Caption-style text data
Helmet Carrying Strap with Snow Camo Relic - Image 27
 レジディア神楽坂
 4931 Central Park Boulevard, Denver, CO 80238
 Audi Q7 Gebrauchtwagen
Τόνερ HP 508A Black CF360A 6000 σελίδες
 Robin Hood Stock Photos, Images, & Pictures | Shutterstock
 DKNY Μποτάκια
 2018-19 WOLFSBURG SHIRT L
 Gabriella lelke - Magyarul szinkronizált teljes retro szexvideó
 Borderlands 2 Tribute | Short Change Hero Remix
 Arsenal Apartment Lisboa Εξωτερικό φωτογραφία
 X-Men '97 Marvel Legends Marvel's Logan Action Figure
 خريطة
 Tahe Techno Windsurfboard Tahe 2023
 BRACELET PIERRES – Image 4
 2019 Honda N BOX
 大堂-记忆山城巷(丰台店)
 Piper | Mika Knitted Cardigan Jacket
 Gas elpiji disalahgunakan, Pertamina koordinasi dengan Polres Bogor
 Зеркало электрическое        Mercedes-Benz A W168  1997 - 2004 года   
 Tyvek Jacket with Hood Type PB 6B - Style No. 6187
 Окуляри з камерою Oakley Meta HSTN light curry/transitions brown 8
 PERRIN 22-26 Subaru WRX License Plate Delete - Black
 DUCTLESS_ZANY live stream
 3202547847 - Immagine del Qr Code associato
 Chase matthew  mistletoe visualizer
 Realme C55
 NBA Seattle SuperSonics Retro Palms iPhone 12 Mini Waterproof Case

Task item:
Please copy all of the data above exactly.

Exercise result:
Helmet Carrying Strap with Snow Camo Relic - Image 27
 レジディア神楽坂
 4931 Central Park Boulevard, Denver, CO 80238
 Audi Q7 Gebrauchtwagen
Τόνερ HP 508A Black CF360A 6000 σελίδες
 Robin Hood Stock Photos, Images, & Pictures | Shutterstock
 DKNY Μποτάκια
 2018-19 WOLFSBURG SHIRT L
 Gabriella lelke - Magyarul szinkronizált teljes retro szexvideó
 Borderlands 2 Tribute | Short Change Hero Remix
 Arsenal Apartment Lisboa Εξωτερικό φωτογραφία
 X-Men '97 Marvel Legends Marvel's Logan Action Figure
 خريطة
 Tahe Techno Windsurfboard Tahe 2023
 BRACELET PIERRES – Image 4
 2019 Honda N BOX
 大堂-记忆山城巷(丰台店)
 Piper | Mika Knitted Cardigan Jacket
 Gas elpiji disalahgunakan, Pertamina koordinasi dengan Polres Bogor
 Зеркало электрическое        Mercedes-Benz A W168  1997 - 2004 года   
 Tyvek Jacket with Hood Type PB 6B - Style No. 6187
 Окуляри з камерою Oakley Meta HSTN light curry/transitions brown 8
 PERRIN 22-26 Subaru WRX License Plate Delete - Black
 DUCTLESS_ZANY live stream
 3202547847 - Immagine del Qr Code associato
 Chase matthew  mistletoe visualizer
 Realme C55
 NBA Seattle SuperSonics Retro Palms iPhone 12 Mini Waterproof Case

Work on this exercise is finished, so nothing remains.